Harvard Facilities: The Country Club
The Country Club
In 1882, J. Murray Forbes and a group of his Boston Friends agreed to establish a club where gentlemen could pursue their interest in horse racing. Lawn tennis and a bowling alley would also be available, plus occasional dining and, sporadically, afternoon music for the ladies. The club (named after a social club that Forbes encountered while in Shanghai), was not formed with any thought of the Old Scottish links game.
America's first country club is still the site today for
In the Brookline countryside, these men found a site of approximately 100 acres that included the Clyde Park Hotel and a racetrack. The property was rented for five years then purchased by the 400 members, who decided that the pleasures of their sporting club were worth the 5 ½ mile trip from Beacon Hill.
In 1892, Florence Boit, returning from a visit to France, brought back golf sticks and several golf balls. Three members of The Country Club (TCC) tried out the new sport, became immediate converts, and that autumn requested that the club’s executive committee appropriate $50 for the laying out of six holes on the Clyde park grounds. The following spring, an exhibition was presented in order to interest other members in golf. Members were quickly fascinated by the sport and ten sets of clubs were immediately ordered. The club’s first championship was played in 1893, with H.C. Leeds winning the 18-hole competition (three times around on the course) with a score of 109.

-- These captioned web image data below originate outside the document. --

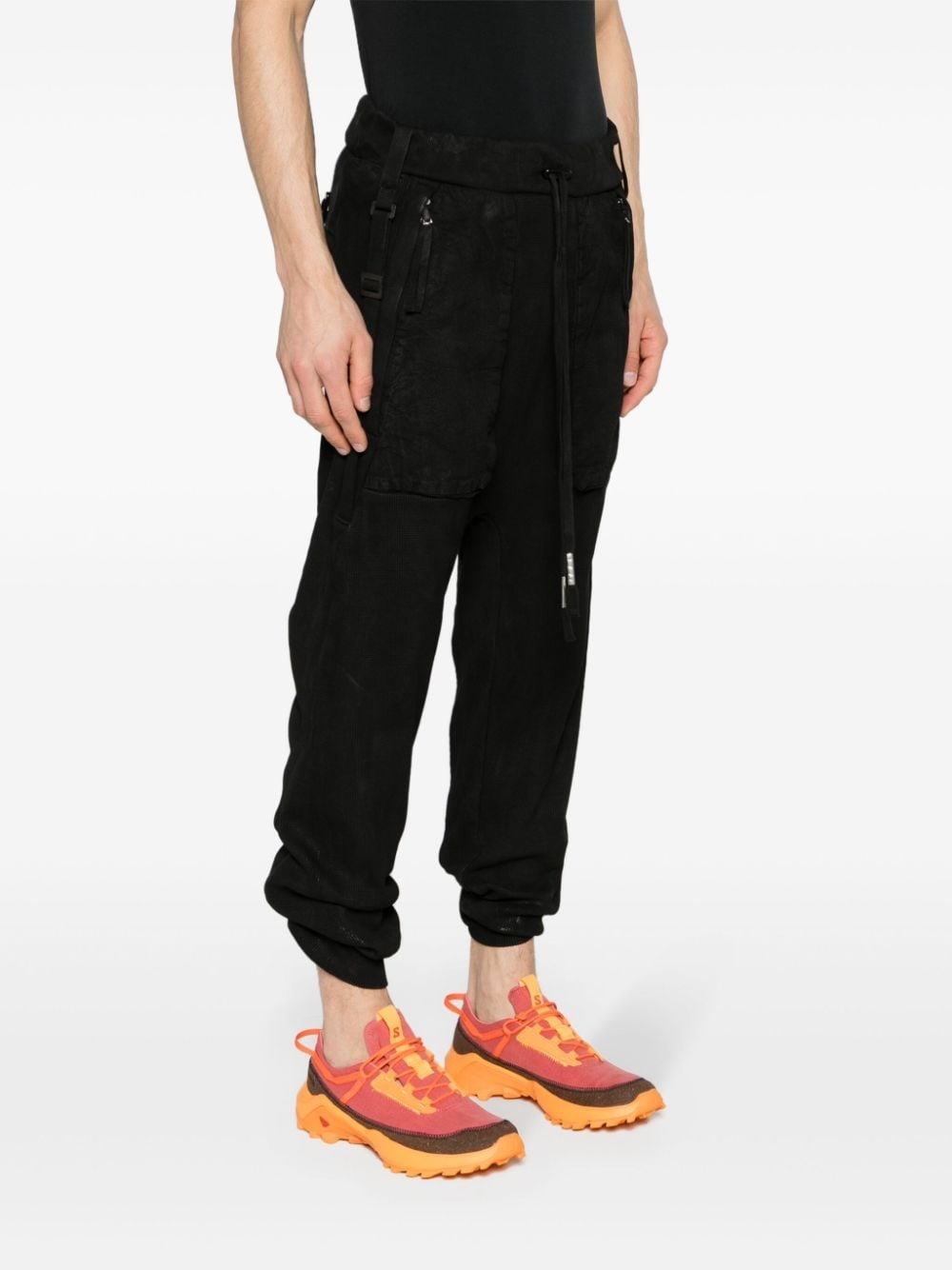 mid-rise cropped track trousers - 3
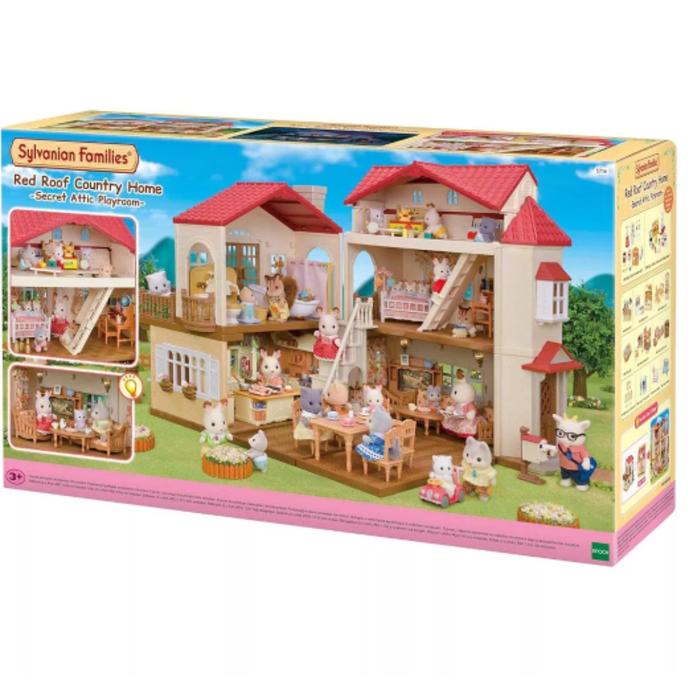 Gambar Mainan Rumah Sylvanian Red Roof Country Home Secret Attic Playroom dari Mishana Shop undefined Tokopedia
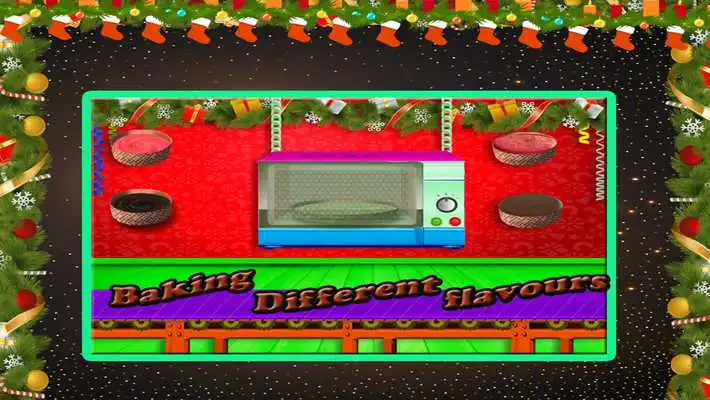 Play Christmas Cake Maker Cooking Game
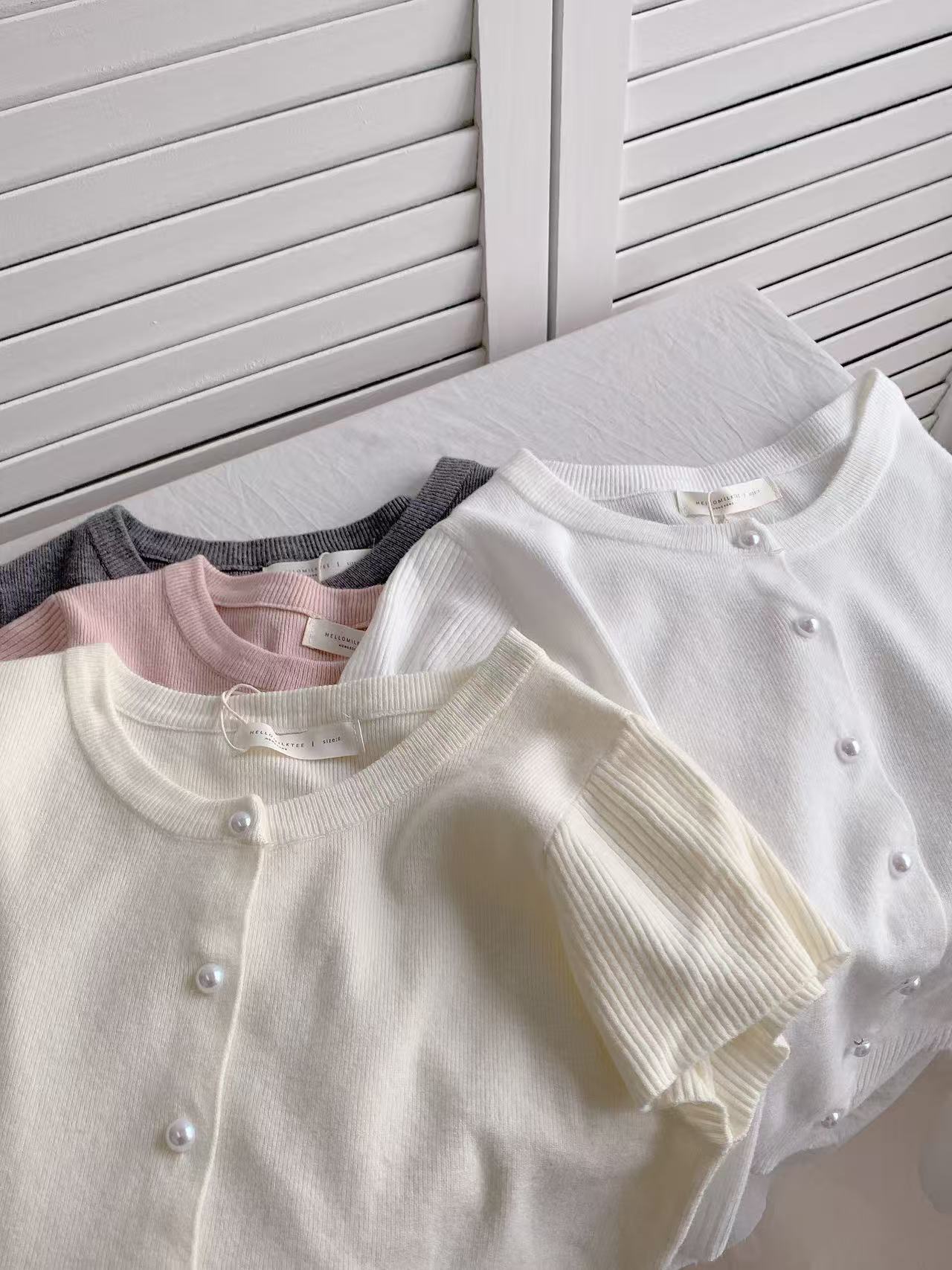 HELLO MILK TEE- 86183 簡約小衫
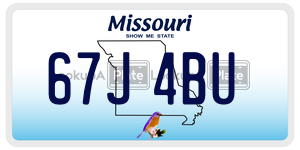 67J4BU  license plate in MO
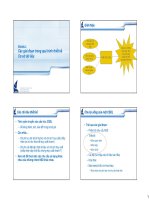 Các giai đoạn trong quá trình thiết kế cơ sở dữ liệu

Interest in the game was so strong that three holes were added and, in 1894 Scottish golf professional Willie Campbell was hired to come to America and teach the game to TCC’s members. Campbell, who helped redesign the course, suggested that a herd of sheep be purchased to serve as a low cost grounds maintenance crew. Also in 1894, The Country Club joined with four other clubs to form the golfing organization that became the USGA.
In 1899, the TCC course was expanded to 18 holes, which did not please all members, for animosity was growing between the equestrians and golfers. Riders, irritated by the now-constant danger of being struck by golf balls, took their revenge by leaving the horses’ hoof prints on the greens and chasing the maintenance crew around the property.
By 1902, TCC’s layout was considered sufficiently challenging, causing “Golf” magazine to state (vigorously by the then-President Teddy Roosevelt), “The course is a capital test of golf, for a good player will find that he has had use for almost every club in his bag before he has completed the round.” And, walking off the 18th green, “the question that occurs to even the best player is: ‘How on earth did I make such an absurdly bad score? There’s nothing difficult about the links.’ The secret lies largely in the fact that the course is extremely well laid out.”
In the fall of 1902, the U.S. Women’s National Championship was played at TCC. The competitors all wore floor-length skirts, which became an even greater inconvenience when saddened by the week’s heavy rain. Genevieve Hocker, who had one drive measured at 193 yards, won the title before a crowd that numbered in the thousands.
An additional nine hole course, named Primrose, was built at The Country Club in 1927, but not until the 1963 Open was the present championship course configuration used. To create a longer, more difficult layout, No.2 was switched from a par 4 to a par 3, and No. 9, 10, and 12 were eliminated in favor of Primrose holes 1 & 2 (combined), 8 and 9. For the 1913 Open, the course measured 6,245 yards, and for the 33rd Ryder Cup, 7,033 yards.
On the current layout, 12 out of 15 holes (minus the three par 3’s) are doglegs. TCC is often described as a ‘second-shot course because the approaches to the small greens are critical. Francis Ouimet, captain of the 1932 U.S. Walker Cup team warned both teams before the competition began, “Gentleman, this is a very subtle-course.”
Golf’s popularity eventually wore down the equestrians, who staged their last race day at The Country Club in 1935. In recognition of the club’s origins, the racetrack remained in place (circling the 1st and 18th fairways) until 1969.
Along with The Ryder Cup, TCC has hosted three Opens, five U.S. Men’s amateurs (1910, 1922, 1934, 1957, 1982), three U.S. Women’s Amateurs (1902, 1941, 1995), the 1953 Junior Girls’ Championship, the 1968 Junior Boys’ Championship, and the 1932 and 1973 Walker Cups, which were both won by the U.S. squads.
The Country Club is set to host the 2013 US Amateur on the 100th anniversary of Francis Ouimet’s US Open victory.